I have spent a lot of time looking through sites like Ancestry.com, FindaGrave.com, and Newspapers.com for names and dates of family events. I have also researched the family homes in Brooklyn. This week I plugged in an address to see what would turn up. The house at 164 Dean Street is in the Boerum Hill section of Brooklyn. During my lifetime it was “Uncle Ed’s house.”
It came into my family in March 1907 with the deed going to John Boyle (my third great-grandfather). With the death of John Boyle, it passed into the hands of the O’Connell family, specifically my great-grandfather, Edward F. O’Connell. It passed to my Great Uncle, Edward A. O’Connell in 1941 and James O’Connell was added to the deed soon after.
It was common for multiple family units in the Irish immigrant community to fill these venerable old Brownstones. From 1907 through the late 1980’s, 164 Dean Street was the home of many of the Irish names that run in my family; Boyle, Cooke, Mahoney, and O’Connell.
I went into Newspapers.com and found The Brooklyn Daily Eagle, the daily paper for Brooklyn for 114 years from 1841 to 1955. What I found was a little bit of a revelation. I caught some of my ancestors living their daily lives. The first thing to catch my eye with the Dean Street address was a letter written by my, then 10-year-old, grandmother to the children’s page published in May 1917 seeking admission to the Humane Club. It seems to have been a column written by someone who went by “Aunt Jean.”
The newspaper did a lot of society reporting, and it actually reported on parties on Dean Street. Mary Boyle Cooke (my second great-grandmother) celebrated her 81st birthday:
There were parties for my cousin William “Billy” J. Mahoney, Jr. (1st cousin, 2 X removed) The first was his 21 birthday party, the second announced his return home on furlough from the army.
With all those “Misses” invited, I think his mother, my second great-aunt “Gertie,” may have been trying to marry Billy off in 1941.
Billy would, like so many young men during that time, join the Army. He went to boot camp at Fort Jackson, South Carolina. Either during a break in training or before heading over to the European theater he came home on a furlough, and his mother threw him another party.
I think the second event was a lot more bittersweet than the 21st birthday celebration. Billy would go on to fight in Europe where he was wounded in action. He came home to Dean Street and took care of his mother. He never did marry.
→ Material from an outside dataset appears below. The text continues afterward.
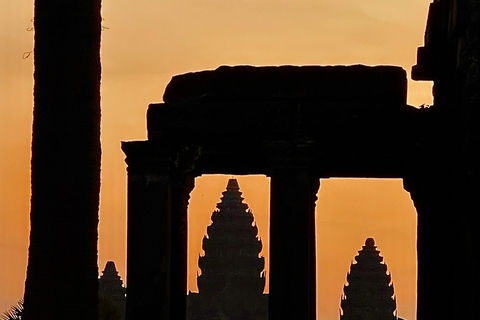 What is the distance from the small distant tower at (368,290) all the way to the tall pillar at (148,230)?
8922 centimetres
My great Uncle Ed (Edward A. O’Connell) was an interesting character. He was a banker, a talented artist and a bit of an amateur historian of the Fire Department in New York City. In his study on the third floor of the brownstone on Dean Street he had painted a borough map of Brooklyn with the locations of all the fire houses, call boxes and graphics of some of the equipment. I don’t know if any photographs of the wall were ever taken. If there are any out there, I would love a copy. On 24 October 1948, his work appeared in the Old Timers section of the paper. Both the graphic and the write-up were his work.
I was originally looking for information on births and deaths. I found the life in between.